■ What you should do ■
Would you copy the records exactly, leaving the pictures out?

Scraped caption text data
Segment Open

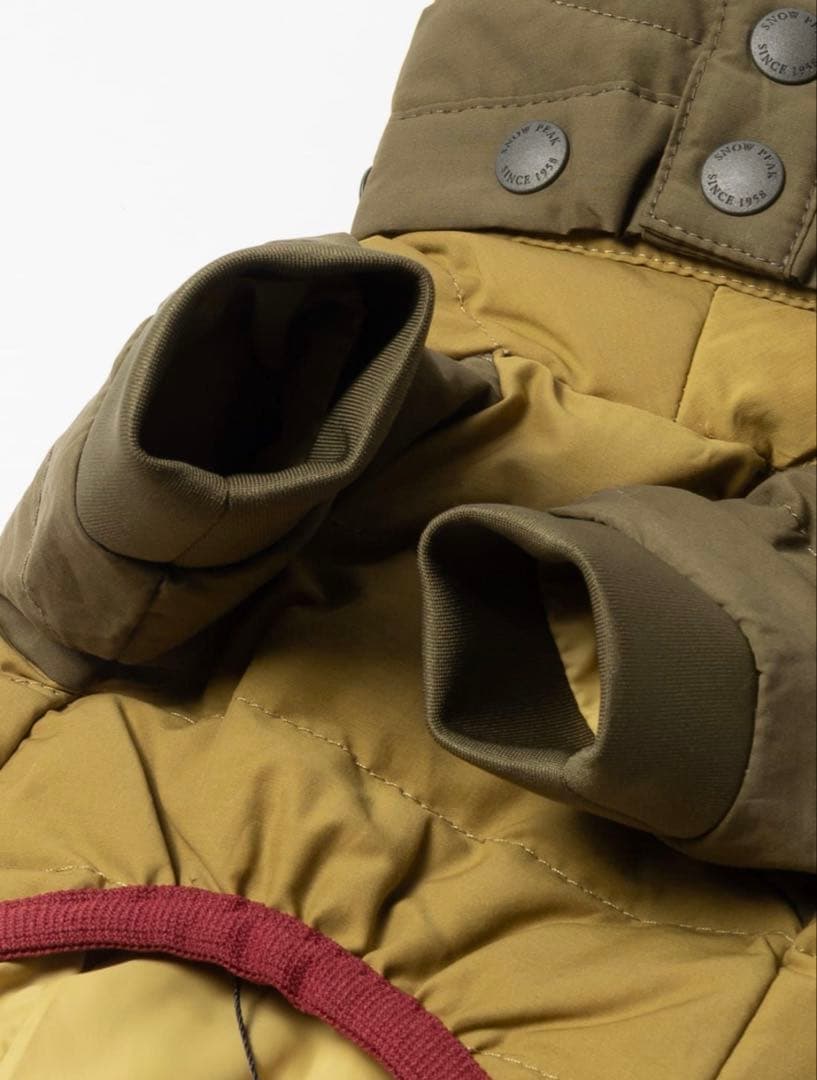  peak AmenityDome 犬用ダウンジャケット 中型犬用　4L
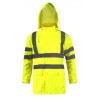 Kurtka przeciwdeszczowa ostrzegawcza "2XL" XL4091305
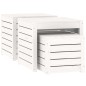 vidaXL Set de cajas de jardín 3 piezas madera maciza de pino blanco vidaXL Set de cajas de jardín 3 piezas madera maciza de pino blanco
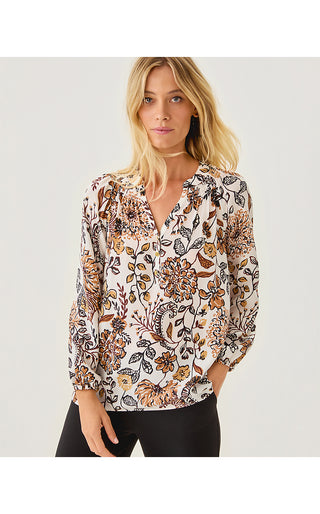 Elsa Silk Top - Coconut Take Meowt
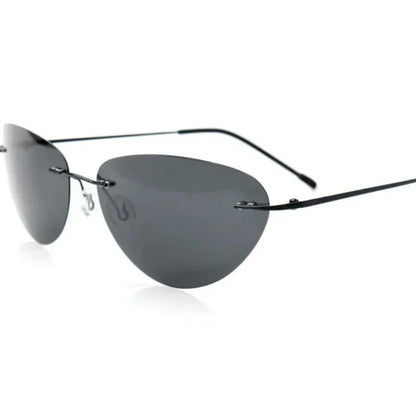 2024 New Ultralight Rimless Titanium Men Sunglasses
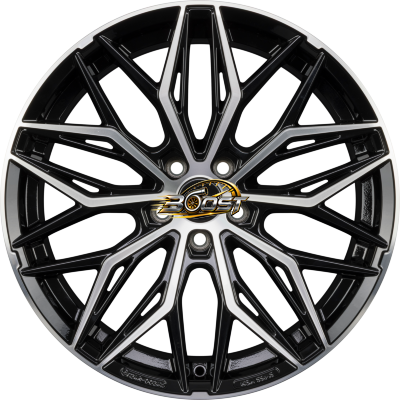 CARMANI CA26 MAX Black Polish (BP) — Zwart lichtmetalen velg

Segment Closed

■ Written answer ■
  peak AmenityDome 犬用ダウンジャケット 中型犬用　4L
 Kurtka przeciwdeszczowa ostrzegawcza "2XL" XL4091305
 vidaXL Set de cajas de jardín 3 piezas madera maciza de pino blanco vidaXL Set de cajas de jardín 3 piezas madera maciza de pino blanco
 Elsa Silk Top - Coconut Take Meowt
 2024 New Ultralight Rimless Titanium Men Sunglasses
 CARMANI CA26 MAX Black Polish (BP) — Zwart lichtmetalen velg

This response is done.